● **To do**:
Reproduce, character for character, the lines below from the first through the one with "Zunanja slika - Nissan". Leave pictures out.

[Source data Boundary: Start]

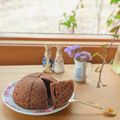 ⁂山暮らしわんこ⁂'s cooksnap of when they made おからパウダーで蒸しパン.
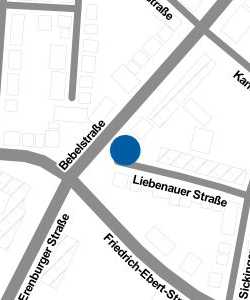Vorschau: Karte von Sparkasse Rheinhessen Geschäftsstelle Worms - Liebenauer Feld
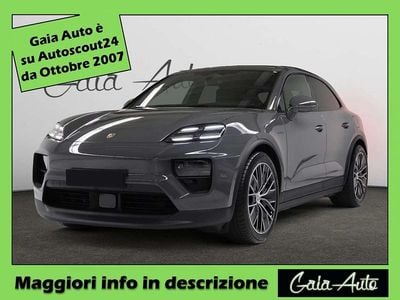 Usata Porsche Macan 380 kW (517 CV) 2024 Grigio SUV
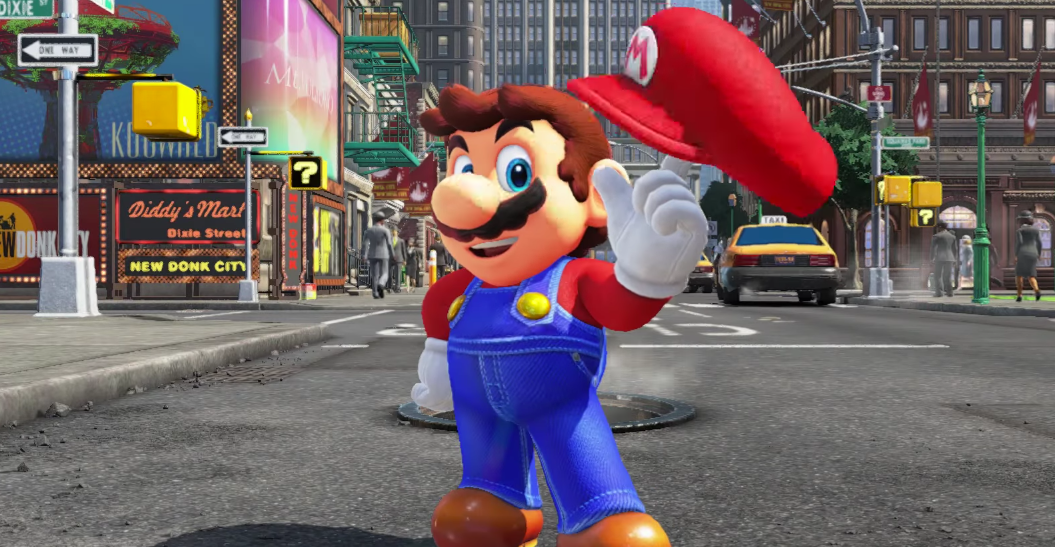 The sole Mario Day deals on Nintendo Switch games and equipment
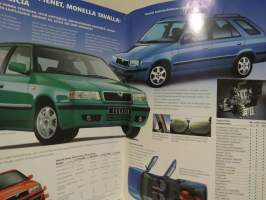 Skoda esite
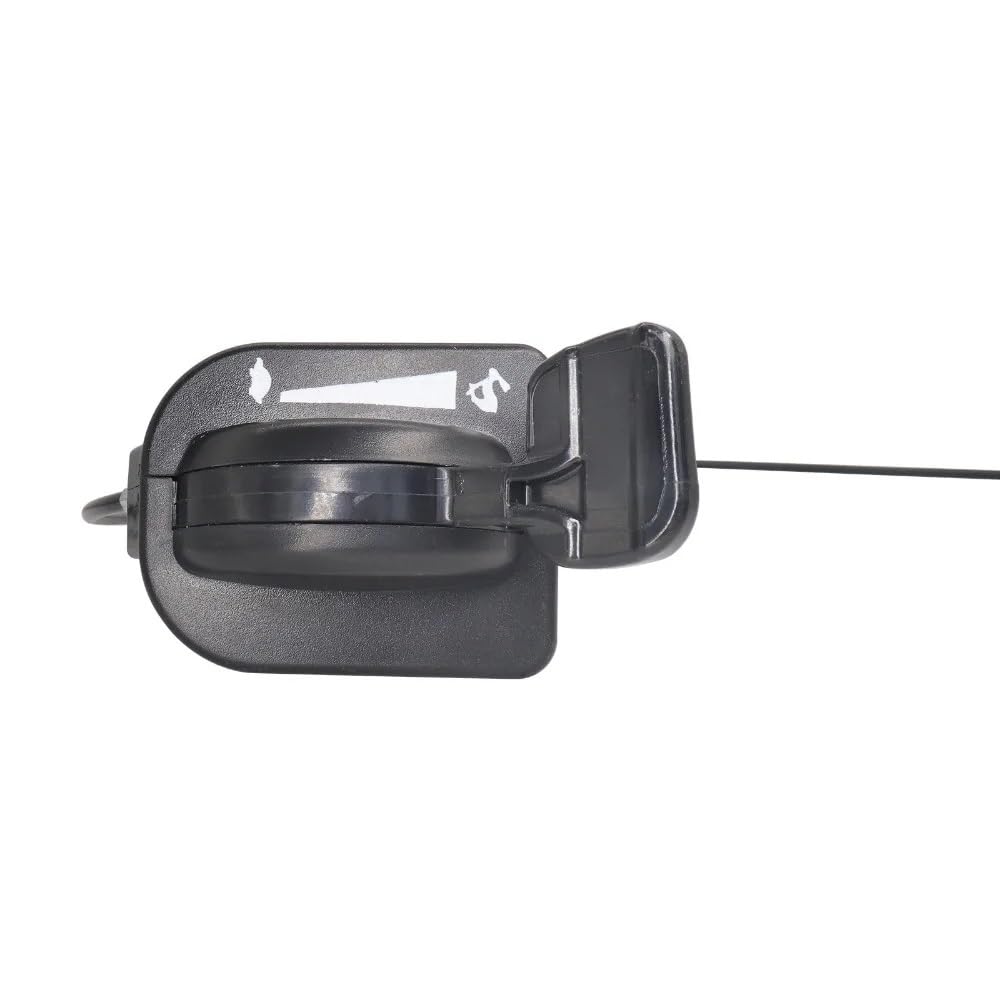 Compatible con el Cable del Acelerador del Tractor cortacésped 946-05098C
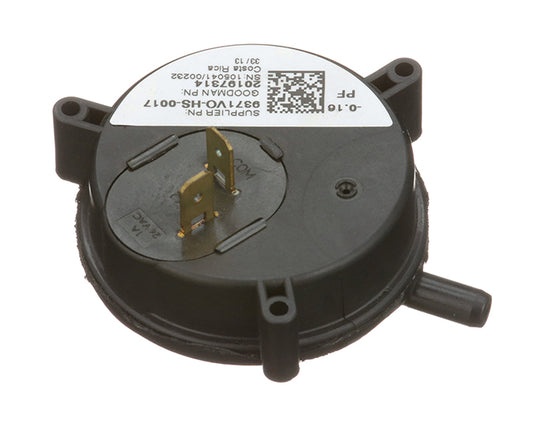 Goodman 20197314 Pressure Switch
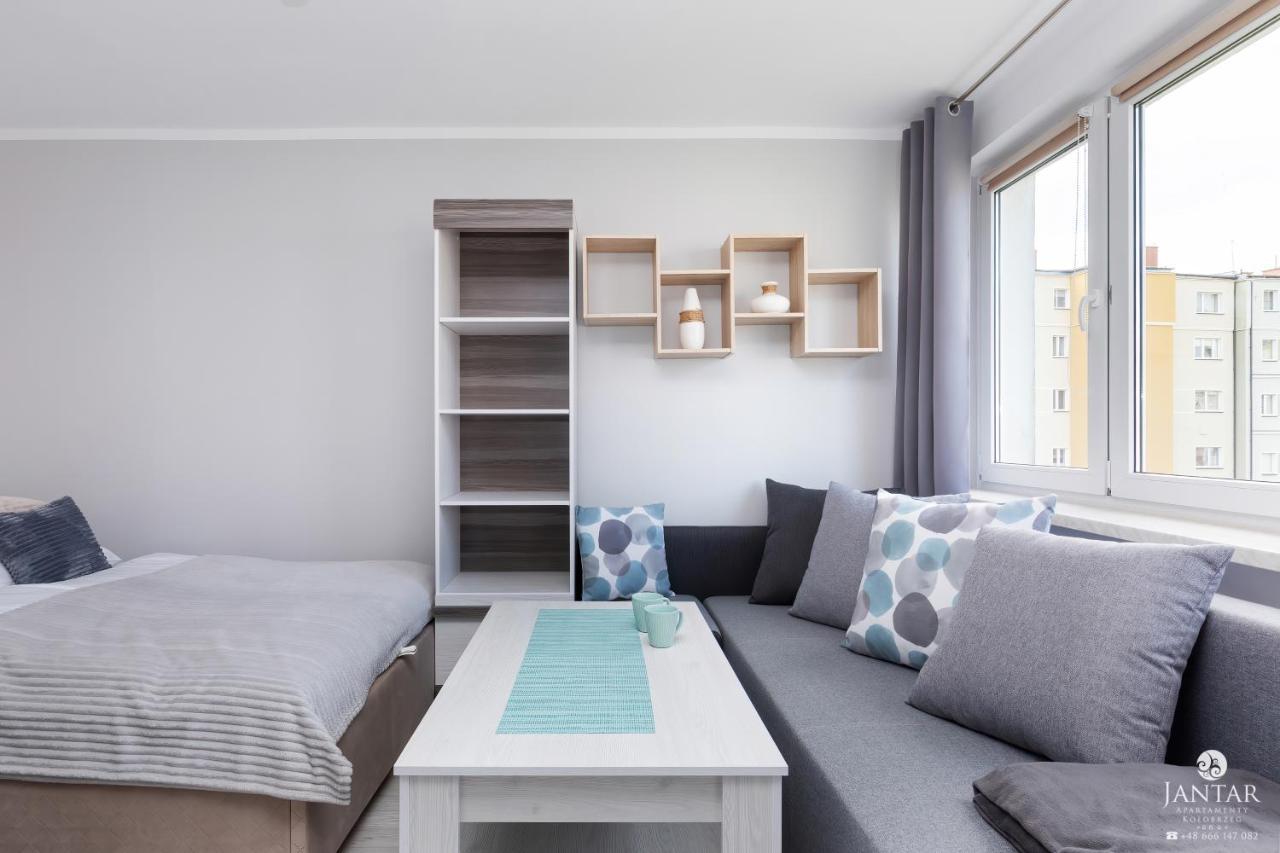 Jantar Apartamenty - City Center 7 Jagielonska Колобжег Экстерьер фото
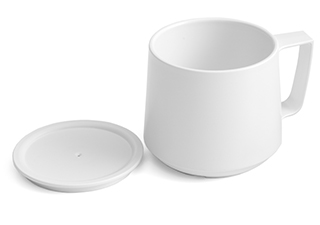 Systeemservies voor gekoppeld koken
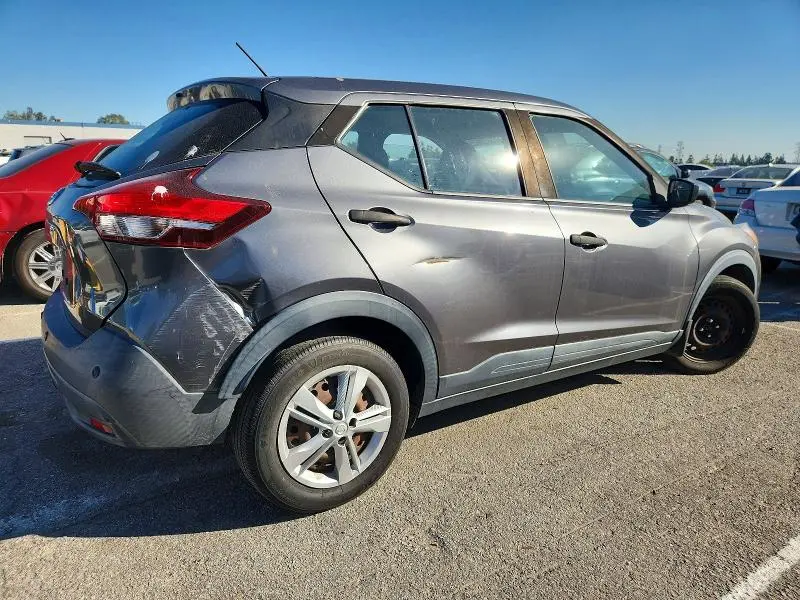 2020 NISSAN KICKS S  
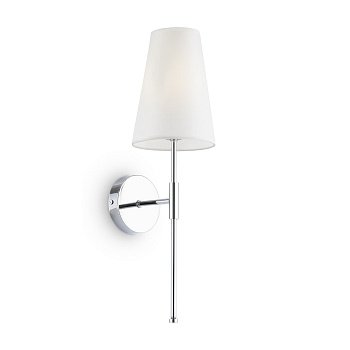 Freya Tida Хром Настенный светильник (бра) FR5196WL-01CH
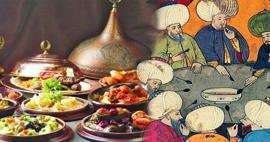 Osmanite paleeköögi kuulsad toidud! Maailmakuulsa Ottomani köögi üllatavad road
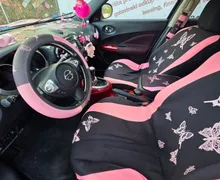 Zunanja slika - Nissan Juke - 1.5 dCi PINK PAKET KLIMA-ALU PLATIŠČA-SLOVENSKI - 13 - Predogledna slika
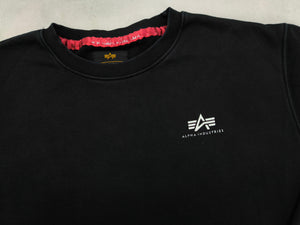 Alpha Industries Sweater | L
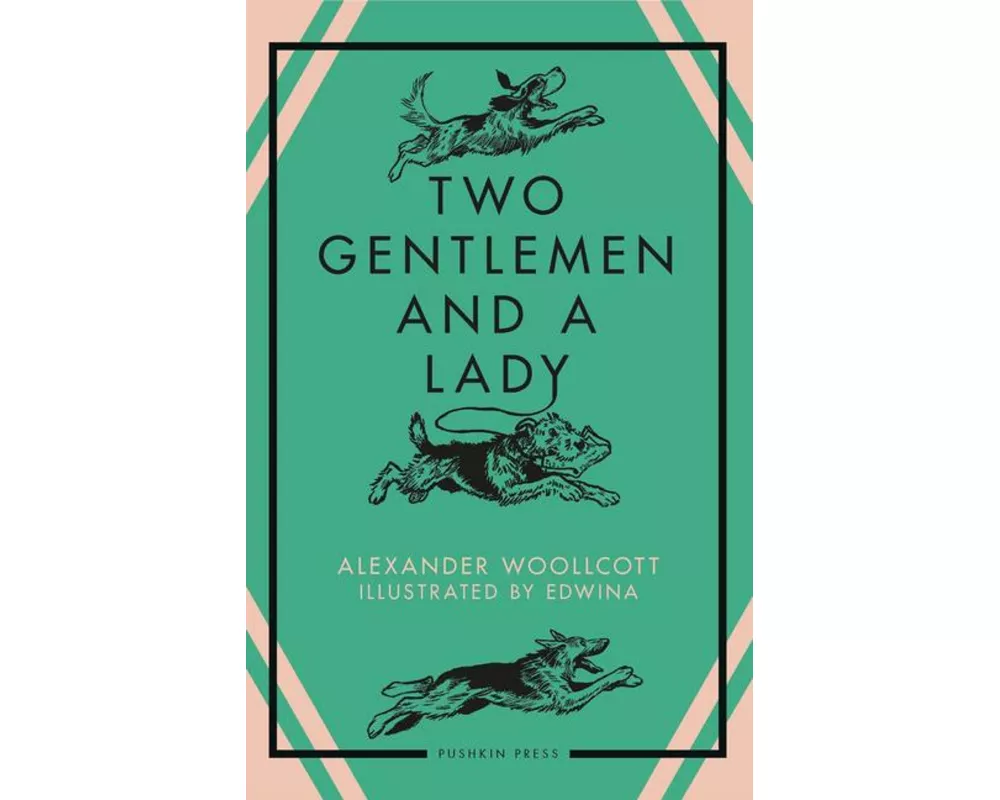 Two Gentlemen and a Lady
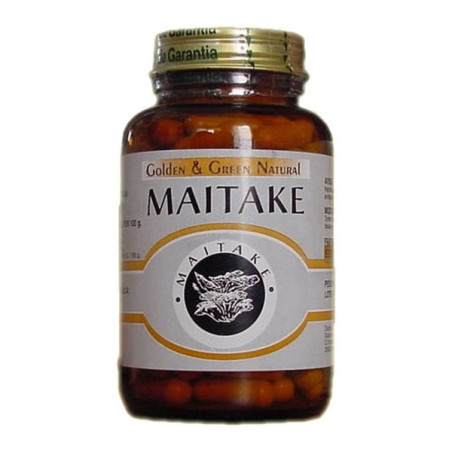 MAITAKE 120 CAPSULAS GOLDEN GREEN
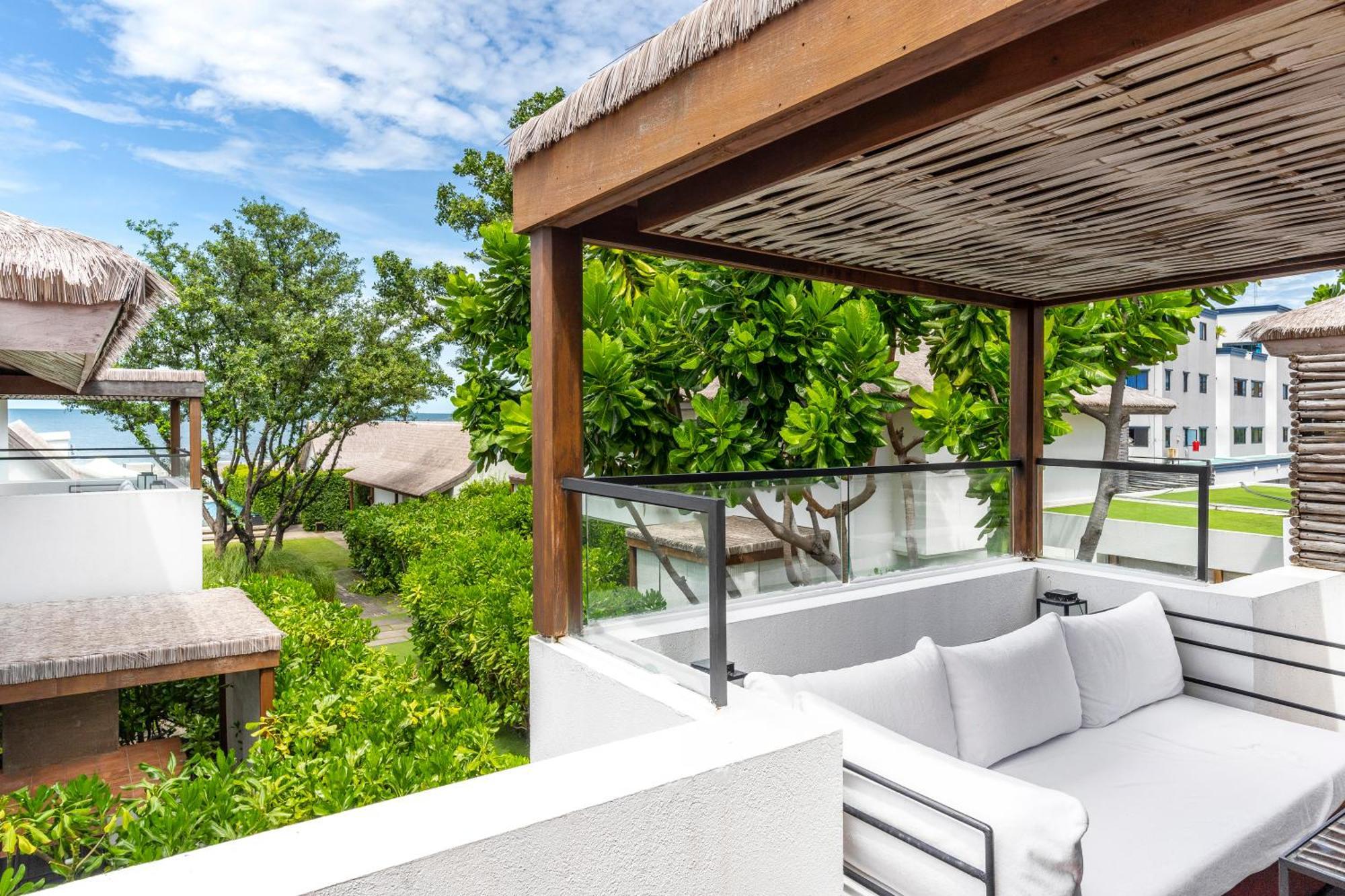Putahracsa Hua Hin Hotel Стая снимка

[Source data Boundary: End]

● **Solution to this exercise**:
 ⁂山暮らしわんこ⁂'s cooksnap of when they made おからパウダーで蒸しパン.
Vorschau: Karte von Sparkasse Rheinhessen Geschäftsstelle Worms - Liebenauer Feld
 Usata Porsche Macan 380 kW (517 CV) 2024 Grigio SUV
 The sole Mario Day deals on Nintendo Switch games and equipment
 Skoda esite
 Compatible con el Cable del Acelerador del Tractor cortacésped 946-05098C
 Goodman 20197314 Pressure Switch
 Jantar Apartamenty - City Center 7 Jagielonska Колобжег Экстерьер фото
 Systeemservies voor gekoppeld koken
 2020 NISSAN KICKS S  
 Freya Tida Хром Настенный светильник (бра) FR5196WL-01CH
 Osmanite paleeköögi kuulsad toidud! Maailmakuulsa Ottomani köögi üllatavad road
 Zunanja slika - Nissan Juke - 1.5 dCi PINK PAKET KLIMA-ALU PLATIŠČA-SLOVENSKI - 13 - Predogledna slika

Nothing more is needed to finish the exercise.